El recreo turístico de la catarata el Velo dela Novia se fue vaciando de gente. Volví a bajar a la orilla del río Aguaytía, pero esta vez más lejos de la caída de agua, tratando de que nadie me viera. En algunas piedras el invasivo musgo
las hacía imposible pisarlas, por lo que tuve que ingeniármelas un camino.

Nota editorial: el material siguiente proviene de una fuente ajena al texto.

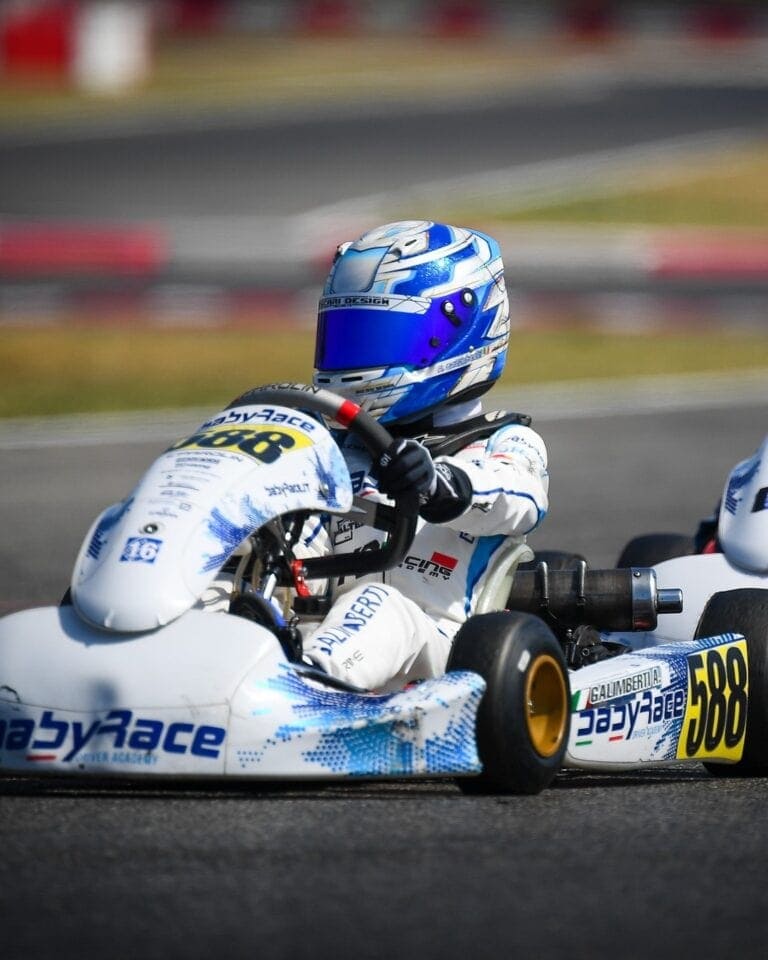 Close-up of a go-kart driver wearing a blue and white helmet and racing suit on a race track.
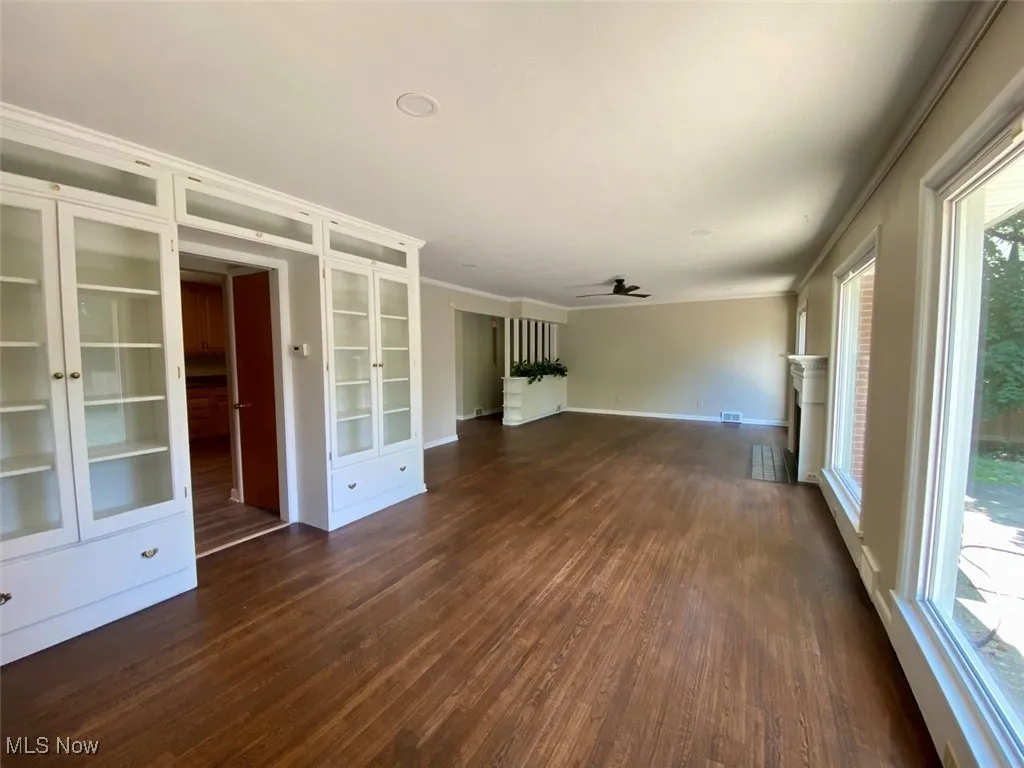 Empty room featuring french doors, dark wood-type flooring, crown molding, ceiling fan, and built in shelves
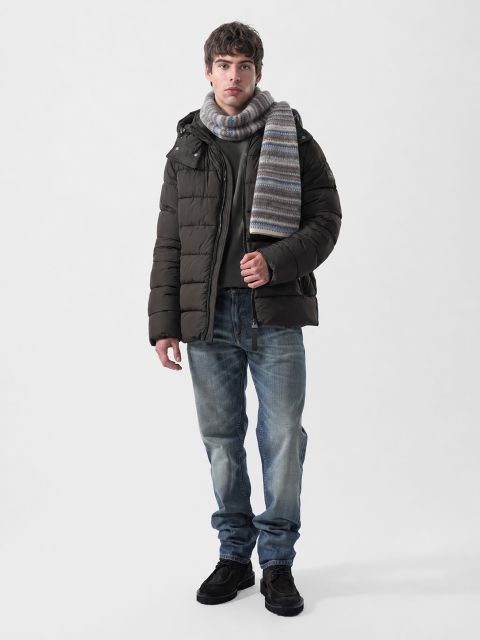 Un hombre que lleva una chaqueta acolchada de color marrón oscuro, un suéter gris, una bufanda a rayas, vaqueros azules y zapatos oscuros.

Girando la cabeza constantemente con temor a que me pillasen, no demoré en
alcanzar la pedregosa playa.
Nota: Retomo la narración de esta aventura luego
de dos años de publicada la Parte 2 en este blog. Ahora ésta (la
Parte 3), como dije en su momento, será la última. Sin embargo, la fecha de los
hechos
data de hace más de siete años.
Rápidamente, me alejé del restaurante, y en tres minutos, a medio trote
pese a los guijarros y el barro, estaba a casi trescientos metros. Todavía era
visible desde esa distancia. Desde el balcón, cualquier trabajador o encargado
del centro se daría cuenta de una fogata o una carpa. De modo que, seguí andando
doscientos metros más hasta encontrar una curva, donde el risco y la vegetación me cubrían
de posibles testigos. El área resultaba perfecta para levantar un campamento,
debido a la arena limpia y libre de piedrecillas o rocas. “Aquí nadie me
molestará”, pensé, ¿o dije? No recuerdo bien. Es que siempre suelo pensar en
voz alta.
Antes de armar mi carpa, me apuré en la búsqueda de material para encender
fuego. Amontoné las ramas, troncos y hojas secas en medio de la arena, que
felizmente no estaba húmeda; ya no lloviznaba. Después las acomodé, y cuando
terminé pospuse un momento la prendida, para tender la carpa, mejor dicho, para
intentar armarla, ya que era la primera vez que la usaría desde que la compré
un mes atrás. Cuando, a duras penas, cumplí mi objetivo, la oscuridad se había
cernido en el boquerón del Padre Abad. Los últimos haces de luces se repartían
débilmente por todo el cañón, ayudando apenas a distinguir a cien metros río
arriba y río abajo.
—¡¿Pero qué demonios está pasando aquí?! —dije tiritando, y sabía a la
perfección que el frío no era el causante. Al fin recobré la voz, aunque sea a
medias—. ¡Hey! ¿A dónde se fue, señorita? —pregunté mientras troté hacia la
orilla, directo al lugar donde se sentó—. ¡No la haré daño! Si quiere le presto
unas ropas —hablaba tontamente. En el fondo presentía que aquella dama no
apareció en busca de ayuda—. ¡Quiero ayudarla! —insistí alzando mucho el tono,
porque en realidad no sabía qué decir.
—¡Oye! —ronqué—. ¿Quién eres? Eres amiga de… —la muchacha bajó los brazos y
el viento se apaciguó en un dos por tres. Eso me dejó sin palabras. “¿Qué está
pasando aquí?”. Con las piernas blandas como plastilina, intenté aproximarme.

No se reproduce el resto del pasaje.